(Records contained in a dataset)
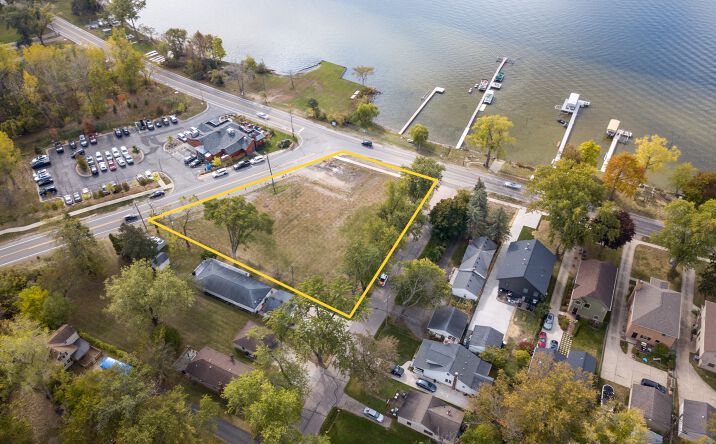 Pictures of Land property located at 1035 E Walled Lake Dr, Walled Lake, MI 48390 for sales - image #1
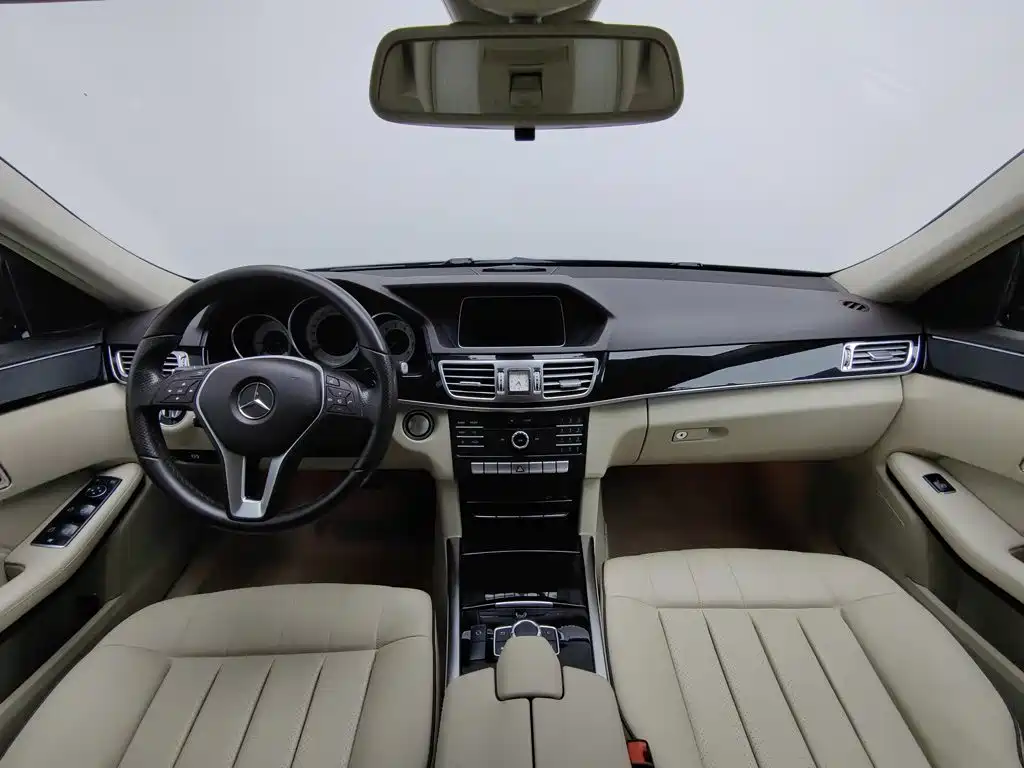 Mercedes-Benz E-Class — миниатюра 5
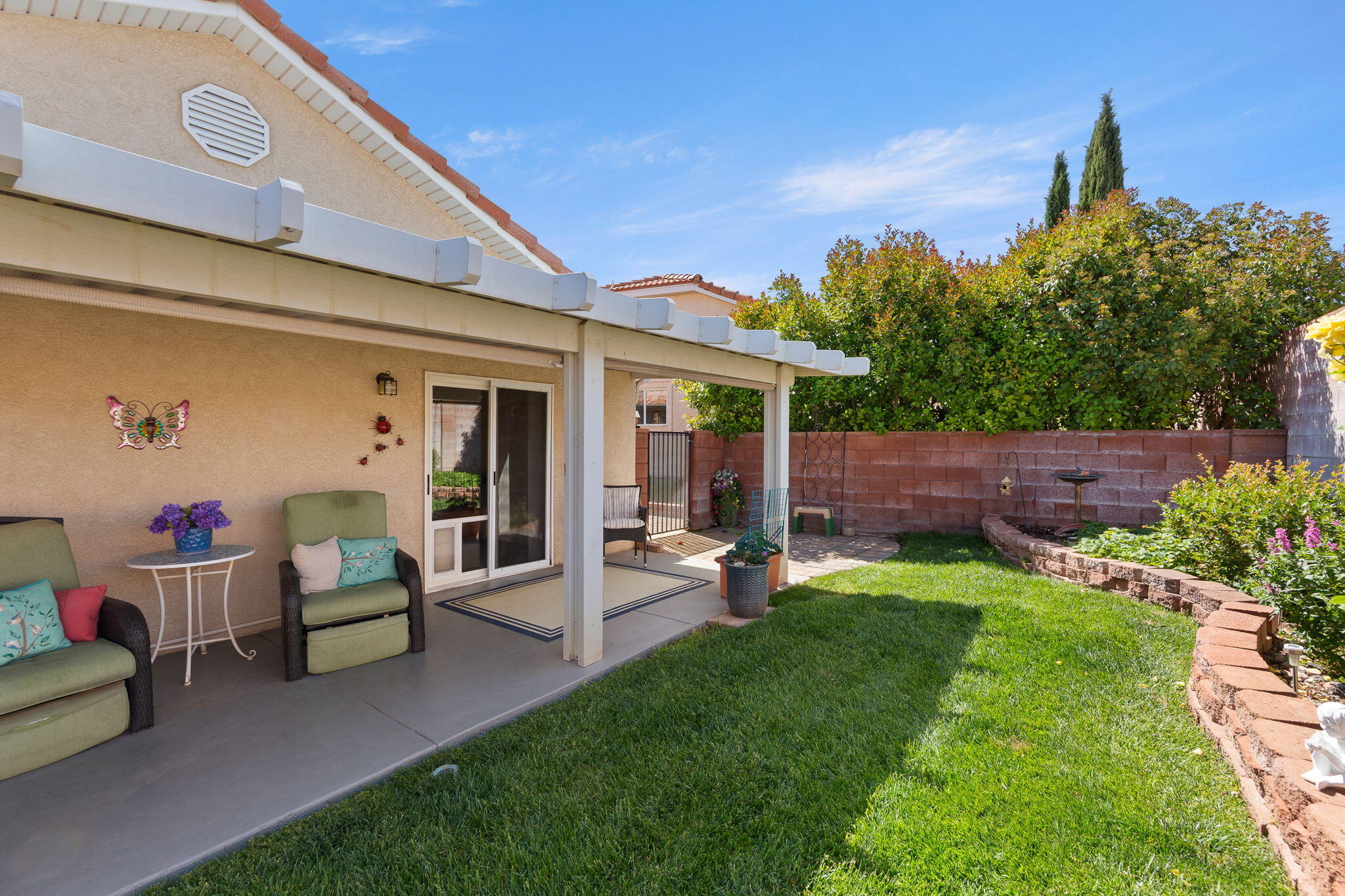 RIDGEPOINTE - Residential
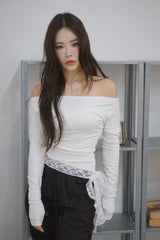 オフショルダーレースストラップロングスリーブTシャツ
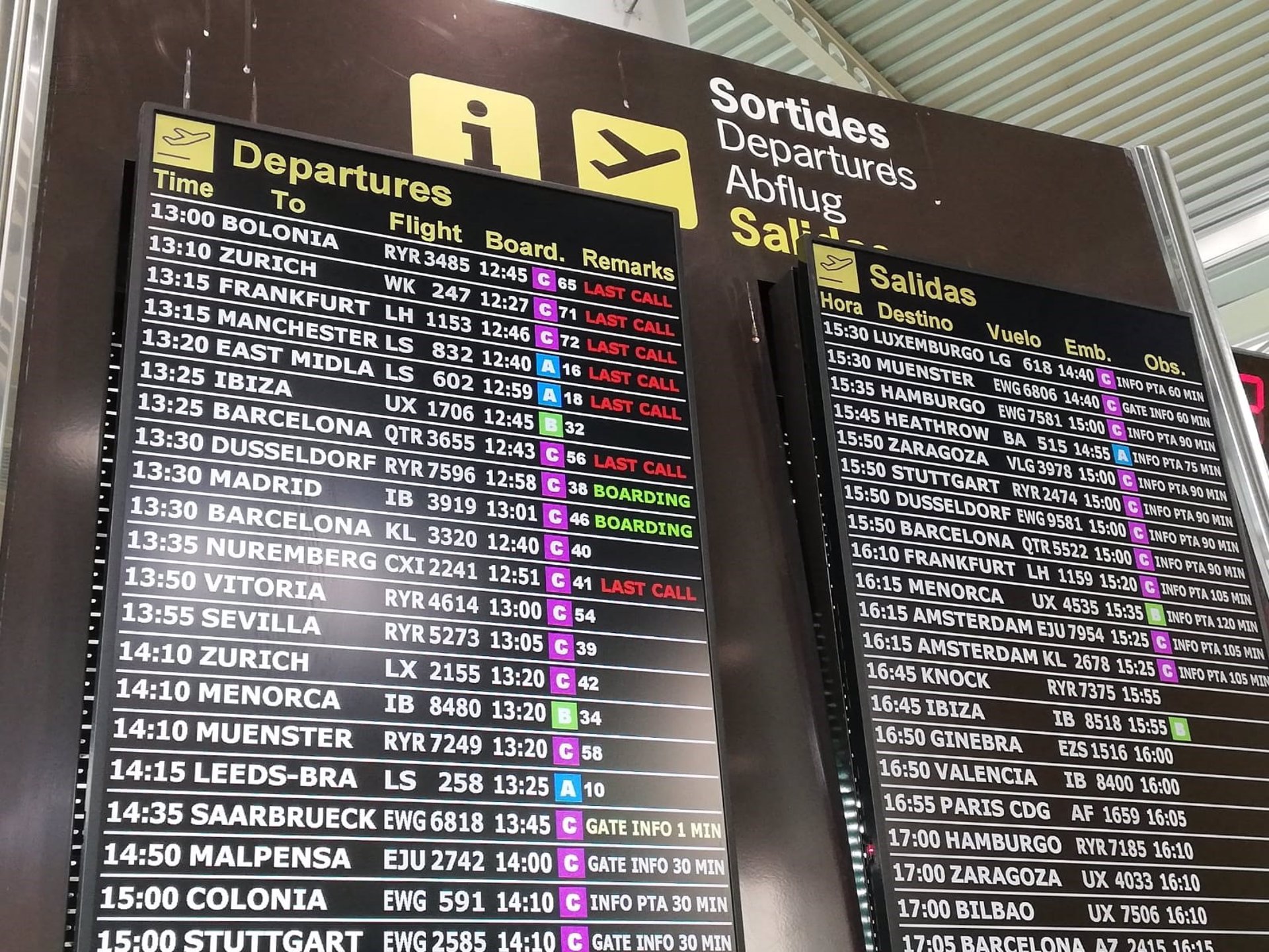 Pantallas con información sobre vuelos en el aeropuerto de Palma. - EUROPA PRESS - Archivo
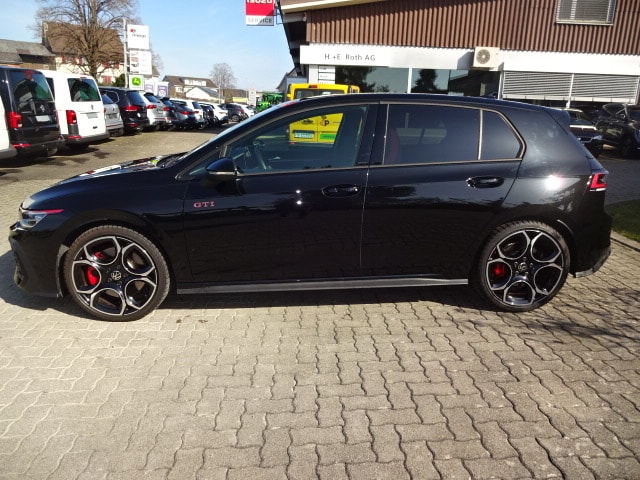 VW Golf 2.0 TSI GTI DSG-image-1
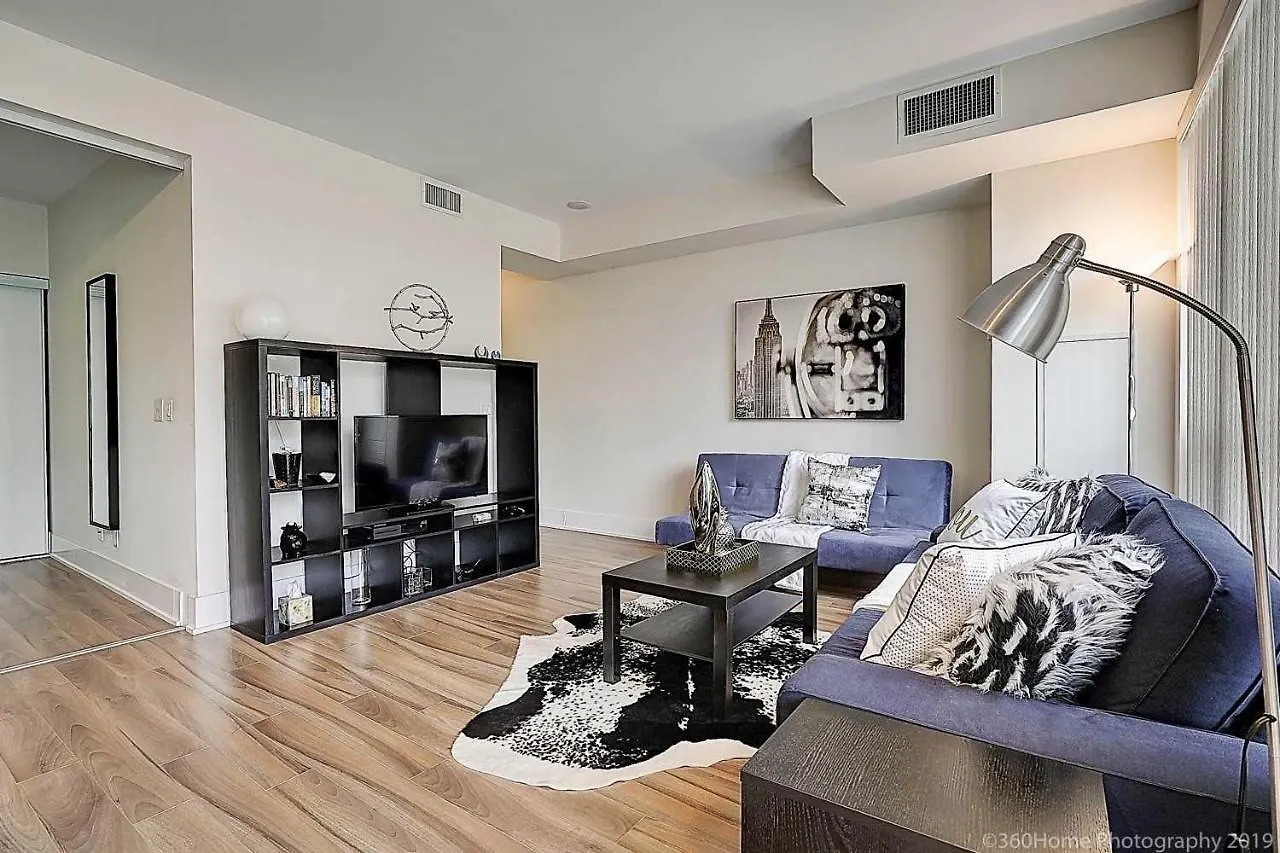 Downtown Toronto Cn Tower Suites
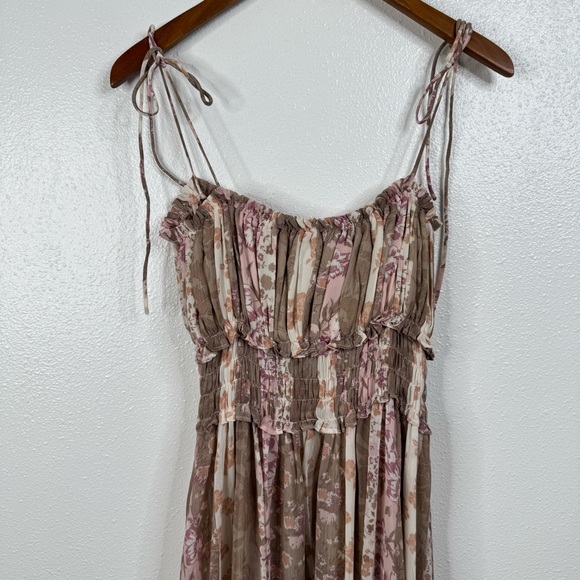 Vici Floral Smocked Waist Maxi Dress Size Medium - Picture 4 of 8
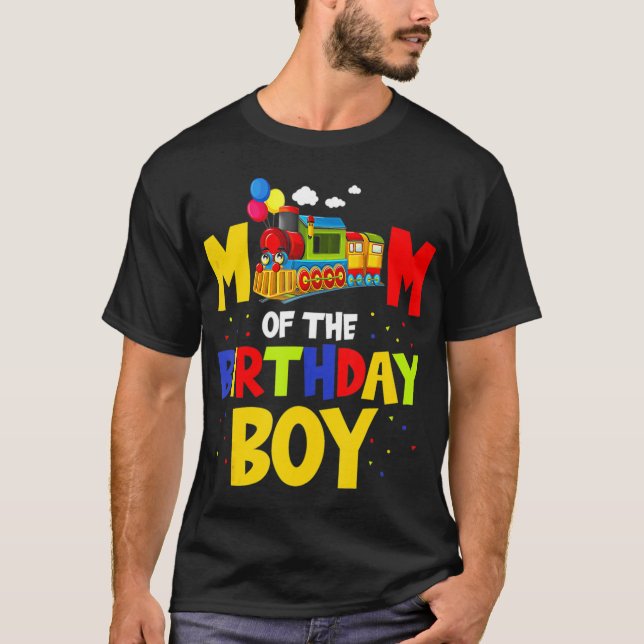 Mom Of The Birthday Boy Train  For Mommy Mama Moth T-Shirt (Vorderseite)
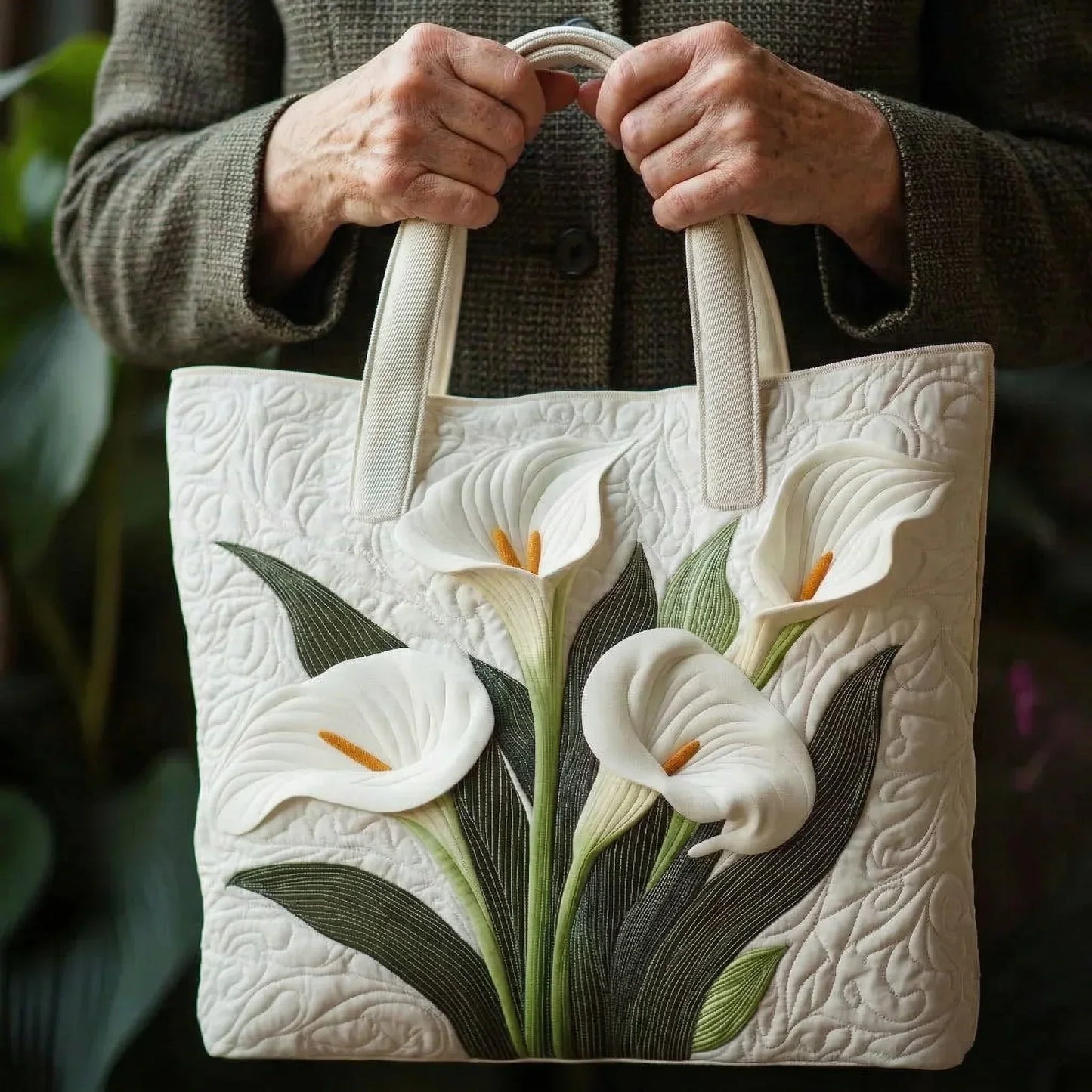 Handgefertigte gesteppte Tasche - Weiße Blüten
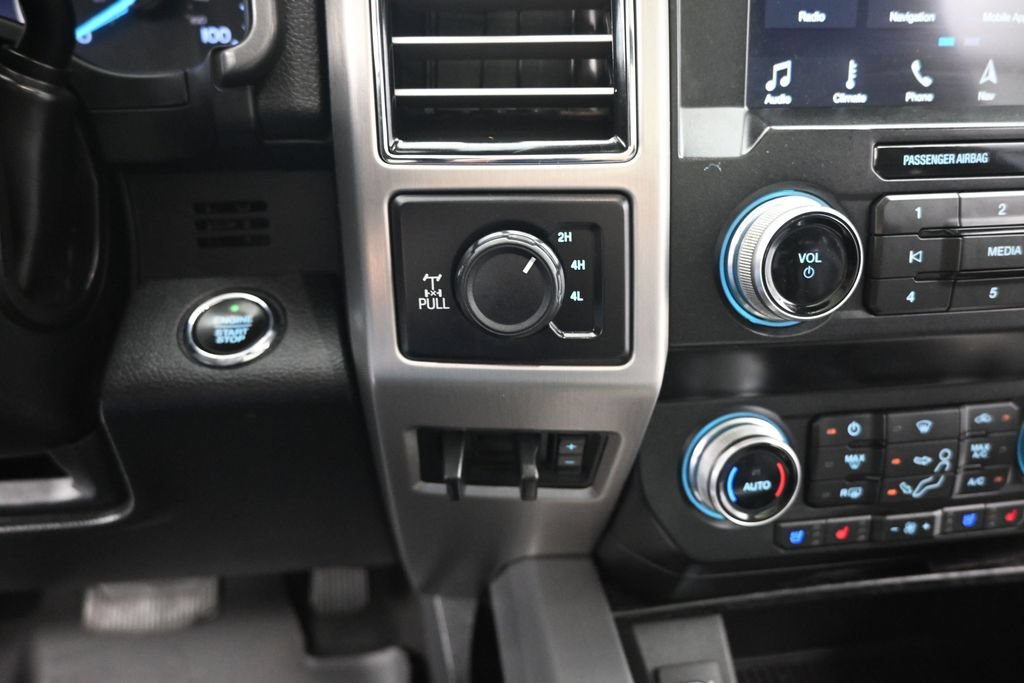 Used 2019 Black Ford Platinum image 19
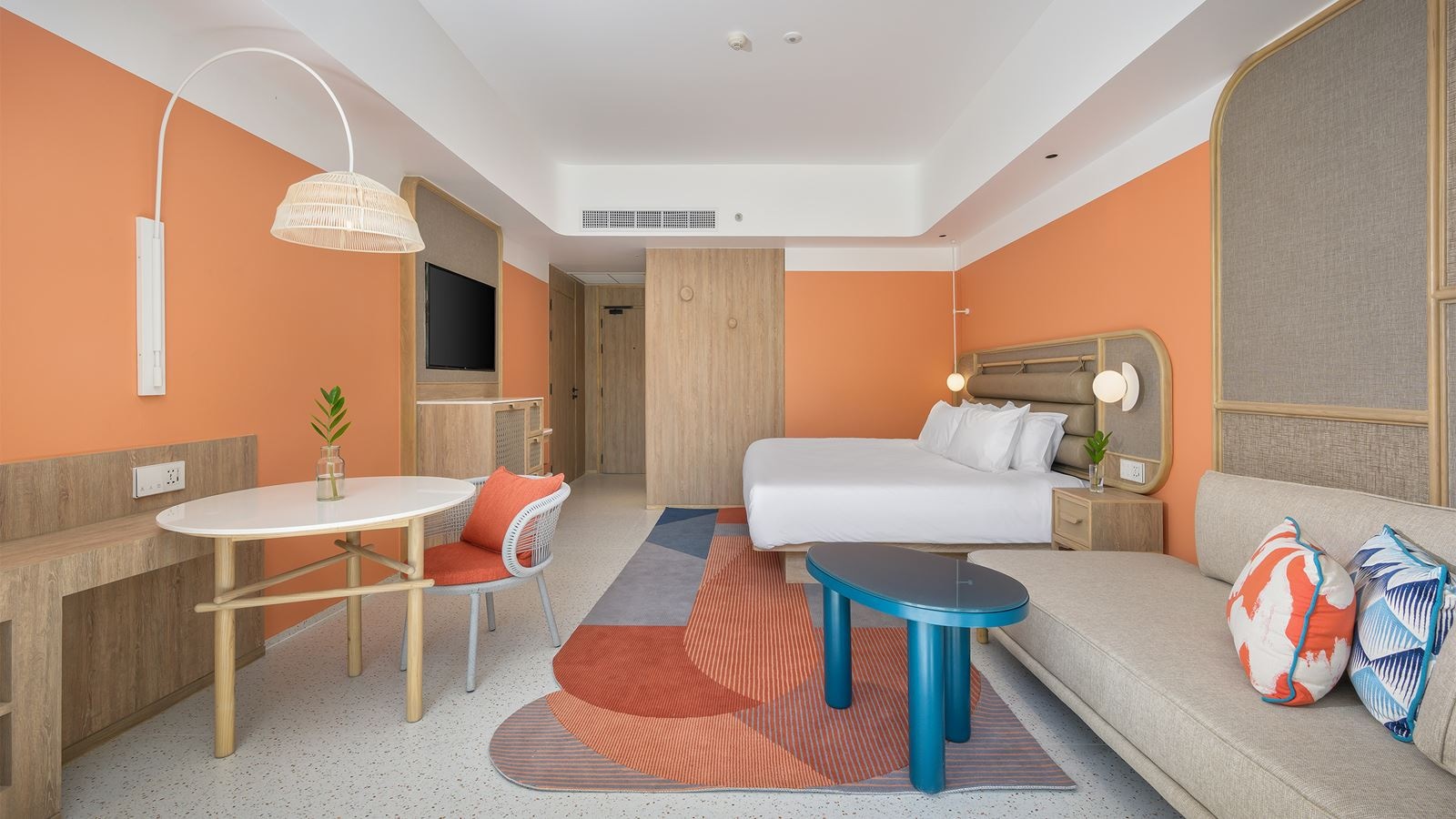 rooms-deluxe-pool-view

* The problem *
Leave the pictures out and repeat exactly the lines from the beginning of the records to the line bearing "オフショルダーレースストラップロングスリーブTシャツ", both ends counted.

* Answer section *
 Pictures of Land property located at 1035 E Walled Lake Dr, Walled Lake, MI 48390 for sales - image #1
 Mercedes-Benz E-Class — миниатюра 5
 RIDGEPOINTE - Residential
 オフショルダーレースストラップロングスリーブTシャツ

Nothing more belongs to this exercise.